It was an Unpredictable Year

It was an Unpredictable Year

With a global pandemic, lockdowns, economic woes, a contested Presidential election, and more, this has been quite an unusual year. While the wise man noted that “there is nothing new under the sun” (Ecclesiastes 1:9), from our perspective it can seem like we are living in unprecedented times.

As the events of this year have unfolded, there are some important truths that have been highlighted. These have always been true, but they are more apparent in light of recent events. Let us briefly consider a few points.

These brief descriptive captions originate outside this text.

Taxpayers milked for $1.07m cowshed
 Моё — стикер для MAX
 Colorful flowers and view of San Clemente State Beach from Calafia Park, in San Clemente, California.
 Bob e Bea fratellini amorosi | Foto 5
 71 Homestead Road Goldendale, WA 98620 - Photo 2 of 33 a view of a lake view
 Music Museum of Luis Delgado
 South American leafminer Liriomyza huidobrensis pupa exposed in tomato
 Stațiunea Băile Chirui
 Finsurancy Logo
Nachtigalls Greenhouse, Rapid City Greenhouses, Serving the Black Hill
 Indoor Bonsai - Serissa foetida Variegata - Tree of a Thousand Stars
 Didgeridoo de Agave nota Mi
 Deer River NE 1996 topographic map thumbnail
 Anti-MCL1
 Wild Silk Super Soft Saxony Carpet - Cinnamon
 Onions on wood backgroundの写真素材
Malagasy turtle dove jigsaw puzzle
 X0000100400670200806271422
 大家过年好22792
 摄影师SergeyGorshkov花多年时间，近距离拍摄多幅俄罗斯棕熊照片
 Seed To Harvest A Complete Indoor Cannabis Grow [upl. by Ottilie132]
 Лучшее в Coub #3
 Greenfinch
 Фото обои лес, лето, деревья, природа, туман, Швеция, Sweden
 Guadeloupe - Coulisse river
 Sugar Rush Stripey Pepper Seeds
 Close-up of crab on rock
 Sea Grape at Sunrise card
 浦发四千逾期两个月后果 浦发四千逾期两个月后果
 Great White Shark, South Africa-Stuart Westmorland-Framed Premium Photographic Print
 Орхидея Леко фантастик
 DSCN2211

The Future Is Unpredictable

Many plans that were made for this year had to be postponed, altered, or cancelled altogether. While there never have been guarantees as far as our future plans are concerned, this year has made this reality even clearer. The wise man wrote, “If no one knows what will happen, who can tell him when it will happen?” (Ecclesiastes 8:7). James reminded us, “Yet you do not know what your life will be like tomorrow. You are just a vapor that appears for a little while and then vanishes away” (James 4:14). This year should serve as a reminder for us that we cannot predict what will transpire in the days, months, and years to come.

Life Is Fragile

Throughout the pandemic this year, many people have died from the virus and from complications related to it. Of course, death has always been a certainty. “And inasmuch as it is appointed for men to die once and after this comes judgment” (Hebrews 9:27). Yet the constant news coverage of virus-related deaths and the accounts of sickness and death among those with whom we are personally acquainted has brought this into the forefront of our minds. As we already noticed, our life is “just a vapor that appears for a little while and then vanishes away” (James 4:14). Though one may live “seventy [or] eighty years,” once the end comes, whenever that is, our life is “soon…gone and we fly away” (Psalm 90:10).

Brethren Need One Another

Across the country, churches have shifted from regular assemblies to virtual “assemblies.” Even if churches have continued to meet in person, many members have not assembled due to health concerns or other reasons. The isolation that many have experienced during the pandemic has taken a toll on our society. In fact, a recent Gallup survey found that American’s mental health ratings have dropped to a new low among every demographic except one – those who attend religious services weekly. The Hebrew writer explained the importance of the assembly: “And let us consider how to stimulate one another to love and good deeds, not forsaking our own assembling together, as is the habit of some, but encouraging one another; and all the more as you see the day drawing near” (Hebrews 10:24-25). The assembly is not just about worshipping God and fulfilling our obligation to Him. It is also about encouraging one another. During difficult times, brethren need this encouragement from one another even more.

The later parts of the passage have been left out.